Initially, Goodman had asked for two separable pieces short enough to fit on sides of a 78 RPM (the clarinetist was looking to improve his reputation as a recording artist). And Bartók did his best: the two outer movements—Verbunkos, after a traditional recruiting dance performed by Hungarian military squadrons to encourage the conscription of younger men, and the Sebes, the fast improvised response—were presented as that short pair at the 1939 Carnegie premiere, billed then under the title Rhapsodies. But already, Bartók had other ideas, and when the trio—Goodman, Szigeti, and Bartók at the piano—sat down to record the work under its new title Contrasts in 1940, a long middle movement called Pihenö (literally taking a rest) was added to lend the piece more heft.

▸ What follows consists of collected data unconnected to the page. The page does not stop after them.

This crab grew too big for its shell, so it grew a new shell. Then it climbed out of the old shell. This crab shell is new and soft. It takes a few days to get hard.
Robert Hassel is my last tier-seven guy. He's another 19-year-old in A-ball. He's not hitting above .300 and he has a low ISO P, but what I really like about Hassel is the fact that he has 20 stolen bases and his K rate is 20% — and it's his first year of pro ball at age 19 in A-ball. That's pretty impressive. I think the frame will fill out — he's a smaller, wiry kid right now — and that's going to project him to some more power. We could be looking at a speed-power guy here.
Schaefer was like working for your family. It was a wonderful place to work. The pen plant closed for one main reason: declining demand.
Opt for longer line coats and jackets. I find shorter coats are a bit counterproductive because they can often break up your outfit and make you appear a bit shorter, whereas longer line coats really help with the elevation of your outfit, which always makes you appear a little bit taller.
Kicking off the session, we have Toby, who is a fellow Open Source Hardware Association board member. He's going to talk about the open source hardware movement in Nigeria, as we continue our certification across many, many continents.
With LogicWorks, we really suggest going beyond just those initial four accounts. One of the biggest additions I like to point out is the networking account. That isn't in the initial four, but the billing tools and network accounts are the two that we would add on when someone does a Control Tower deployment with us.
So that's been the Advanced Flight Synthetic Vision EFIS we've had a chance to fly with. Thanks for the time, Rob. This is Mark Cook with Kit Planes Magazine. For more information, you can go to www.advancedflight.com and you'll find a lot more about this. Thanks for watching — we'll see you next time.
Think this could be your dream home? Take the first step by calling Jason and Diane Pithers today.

While the material of the piece owes more to Hungarian music than to jazz (only the ornamental turns and the liquid traversal of extreme registers in the clarinet, two calling cards of Goodman’s, bear his influence), Contrasts is a testament to the freewheeling social nature of the jazz session. It is, above all else, casual. Both violin and clarinet pull a common jazz move and trade the role of secondary instruments during the course of the work (Bartók even builds in a kind of impatient vamp while the violinist switches over—you can imagine the players laughing to one another during the lull); the piano is mostly relegated to percussive band-style “comping”; and musical in-jokes are everywhere. It is a piece overwhelmingly influenced, if not by the syntax of jazz, by its spirit. No one but the king of big band could have elicited such humor, energy and, appropriately, contrast from the old Hungarian master.

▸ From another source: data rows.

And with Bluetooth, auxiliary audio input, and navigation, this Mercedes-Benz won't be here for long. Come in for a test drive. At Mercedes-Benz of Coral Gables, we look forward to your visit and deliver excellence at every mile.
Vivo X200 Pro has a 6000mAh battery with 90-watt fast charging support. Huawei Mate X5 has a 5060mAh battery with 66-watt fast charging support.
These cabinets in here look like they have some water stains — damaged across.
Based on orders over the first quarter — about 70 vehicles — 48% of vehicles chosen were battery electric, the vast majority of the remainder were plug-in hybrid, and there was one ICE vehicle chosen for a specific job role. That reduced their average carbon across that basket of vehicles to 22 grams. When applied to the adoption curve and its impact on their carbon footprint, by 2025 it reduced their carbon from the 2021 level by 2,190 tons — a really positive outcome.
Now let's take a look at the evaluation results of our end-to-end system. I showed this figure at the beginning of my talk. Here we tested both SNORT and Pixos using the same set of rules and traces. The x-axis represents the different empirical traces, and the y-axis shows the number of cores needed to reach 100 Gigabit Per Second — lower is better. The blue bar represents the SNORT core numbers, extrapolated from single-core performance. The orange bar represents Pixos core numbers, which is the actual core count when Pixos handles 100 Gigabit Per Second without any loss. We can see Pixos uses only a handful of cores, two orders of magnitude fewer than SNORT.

And finally, tonight marks the first in a series of three concerts in which the clarinet quintet gets extensive investigation. We start with Brahms, whose writing for the instrument is something like posthumous labor. The melancholic German had already announced his retirement when, in Meiningen, he heard Richard Mühlfeld play a chamber recital. That impact—“It is impossible to play the clarinet better than Herr Mühlfeld does here,” he wrote to Clara Schumann—was so considerable that Brahms returned to the pen for a few years more, primarily to produce work he felt worthy of his newly discovered muse.

As with Beethoven and Duport, Brahms’ breadth of emotional expression points to an intended performer capable of uniquely intense immediacy behind the instrument. Brahms nicknamed Mühlfeld “Fräulein Nightingale” for his sweet and affecting sound, and his extensive use of the low register is another nod to Mühlfeld’s distinct skillset. (Later accounts of his playing actually attest to a habit of squeaking in the upper ranges; our definition of virtuoso has changed considerably in 130 years.) There are quotes from the Weber quintet (a piece Mühlfeld loved) and a theme and five variations in the final movement (a direct homage to Mozart, whose own quintet— the genre’s first, and the work Brahms first heard Mühlfeld play—deploys the same form); it is, by all technical measures, a custom-built gift.

But, again like Beethoven and Duport, the connection stretches well beyond the practical. Brahms is here writing end-of-life music, some of the most personal and elusive of his career. The majority of that expressive burden is placed on the clarinet, not for the sound of the instrument but, crucially, for the beloved friend holding it.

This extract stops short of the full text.